A better way of looking at this seems to be to abandon certainties and think probabilistically. Entropy is the tendency of isolated systems to move toward disorder and a quantification of that disorder, e.g. assembling a deck of cards in a defined order requires introducing some energy to the system. If you drop the deck, they become disorganised and won’t re-organise themselves automatically. This is the tendency in all systems to disorder. This is the Second Law of Thermodynamics, which implies that time is asymmetrical with respect to the amount of order: as the system, advances through time, it will statistically become more disordered. By ‘Order’ and ‘Disorder’ we mean how compressed the information is that is describing the system.
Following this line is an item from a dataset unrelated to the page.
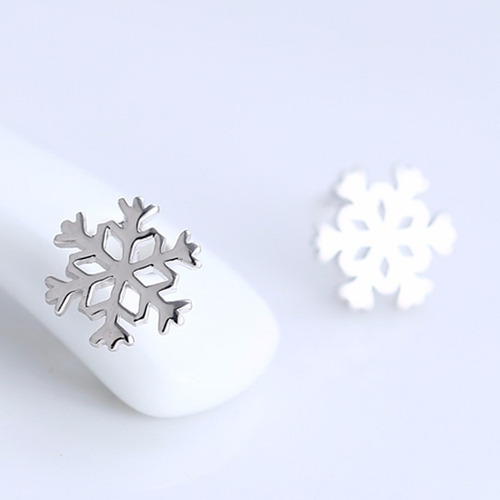 Imagen 2 de 7 de Aretes Frozen Nieve Escarcha Copo Cristal D Hielo Ramifi Aym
So if all your papers are in one neat pile, then the description is “All paper in one neat pile.” If you drop them, the description becomes ‘One paper to the right, another to the left, one above, one below, etc. etc.” The longer the description, the higher the entropy. According to Occam’s Razor, we want a theory with low entropy, i.e. low disorder, high simplicity. The lower the entropy, the more likely it is that the theory is the true explanation of the data, and hence that theory should be assigned a higher probability.

More generally, whatever theory we develop, say to explain the origin of the universe, or consciousness, or non-material morality, must itself be based on some theory, which is based on some other theory, and so on. At some point we need to rely on some statement which is true but not provable, and so we think may be false, although it is actually true. We can never solve the ultimate problem of induction, but Occam’s Razor combined with Epicurus, Bayes and Popper is as good as it gets if we accept that. So Epicurus, Occam, Bayes and Popper help us pose the right questions, and help us to establish a good framework for thinking about the answers.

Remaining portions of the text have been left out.